Chance looked our direction and beamed. The song wasn’t romantic, just a rock anthem about partying on a Saturday night, but Jenny was feeling it. I was happy for her. I really was.
I squeezed her hand and moved along with her. “He’s so great!” I shouted in her ear.
She nodded at me. “I know!”
The lights shifted and turned as Chance moved across the stage. He didn’t get the big treatment like Dylan would later, but it was a nice set. I moved with the music and let the party atmosphere take me away from my piles of work back home. Papers to grade as a lowly first-year teaching assistant at UCSD. My own courses to study for. A thesis to think about. I was just glad to have my bachelor’s degree behind me. Life was moving forward. Most of it.
Chance finished out strong and the crowd roared. They had been won over. I knew Jenny always held her breath at this moment, worried they would start chanting for Dylan instead.
He didn’t pause but went straight into the next number. Jenny relaxed and pressed her hand to her chest. “I think I might have jiggled my pee out,” she said with a frown. “No more jumping.”
“Good idea,” I said.
She moved her hand to her belly. “He’s kicking up a storm, though.
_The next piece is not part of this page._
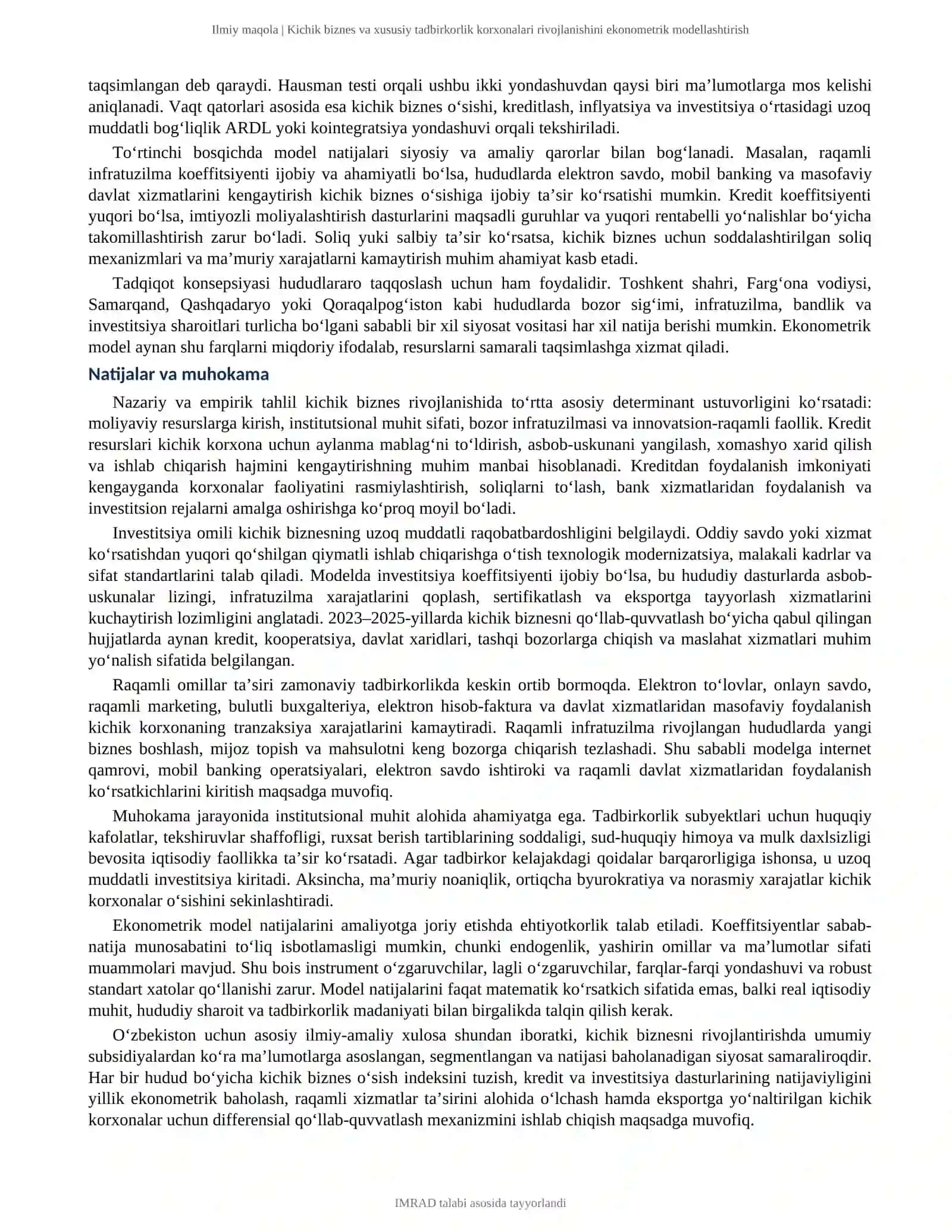 KICHIK BIZNES VA XUSUSIY TADBIRKORLIK KORXONALARI RIVOJLANISHINI EKONOMETRIK MODELLASHTIRISH 4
The baby always gets riled at concerts.”
My willpower faltered, and I swallowed the envy that threatened to rise up. I’d been lucky these past few years to avoid pregnant people. College was generally good like that. But here it was, right beside me, about to pop right out. I drew in a deep breath and focused on the music.
My life was happy. I had Manuelito, Gavin’s five-year-old son, and he was good for me, just the most amazing kid. He was spending an extended holiday in Mexico with his mother. She would have him for Thanksgiving and Christmas and wouldn’t be back until after the first of the year.
And Gavin would be graduating soon. We’d be able to build some savings soon, and maybe, just maybe, we could get his vasectomy reversed.
I couldn’t act like my life hadn’t gotten started. It wasn’t true.
I was at a concert with my best friend, who was about to marry the hunky singer onstage.
I had the love of my life back and a sweet little family.
I had graduated — finally — and made my goal of becoming a TA in graduate school.
Everything was fine. I would not be shaken.
I would live each moment as it came. I’d keep believing that the thing I wanted most of all, a baby of my own, would happen eventually. I would have faith.
Chapter 2: Jenny
I swear I could feel each drumbeat in my belly.
The sound crashed over me, thumping through my waterlogged middle like a rock-and-roll sonogram.
I swayed with it, hoping I was keeping the baby chilled out despite the noise. Sometimes the little bub would startle at a loud noise, making a swift little lurch.
I kept my hands on the metal gate that held us back several feet from the stage. This was the first time I’d encountered it. But after a few girls had climbed up and gotten way too frisky with Dylan at a concert in Atlanta, the security guards decided to limit direct access to the stage floor.
I didn’t like it. The wall caused a couple of problems for me. One, it bummed me out because this was the last concert I’d be able to attend for Chance before the baby came. And I couldn’t get up to him. He often reached down and took my hand during our favorite song, and this time, he couldn’t.
But also, these creepy girls were pushing against me. Hard. As they jostled, I had to hold on to the gate and keep my arms strong so that I wouldn’t crush my belly.
Another overly energetic woman fell into me, and I snapped. “Watch where you’re gyrating!” I yelled. “Baby.” I pointed to my belly.
She rolled her eyes. “You shouldn’t even be here.”
That was it. I’d had it. I turned in to her and shoved my elbow straight into her gut. Corabelle grabbed my arm. “Jenny!”
“You’re crazy!” the girl said, but had the sense to head away from us.
Corabelle kept her grip on me. “You all right?” she asked. Her eyes darted nervously up to the stage.
Chance was on the other end, making his way back, singing his heart out. And I was missing it. “I’m fine,” I said, and lifted my chin.
The song rollicked along. My anger drained out of me, and suddenly I was super exhausted. I clutched at the gate. Maybe we should have stayed in the stage wings instead of coming out on the floor. I’d have been more comfortable.
But it just wasn’t the same back there. For his last concert, I wanted to be out here.
I took deep breaths and steeled myself to make it through. We wouldn’t stay for the other bands, not even Dylan. Just hang out in the dressing rooms with Chance and listen to the concert piped in. There was always a buffet and lots of fun talk. I could put my feet up and soak up the last of the fun life before the baby came.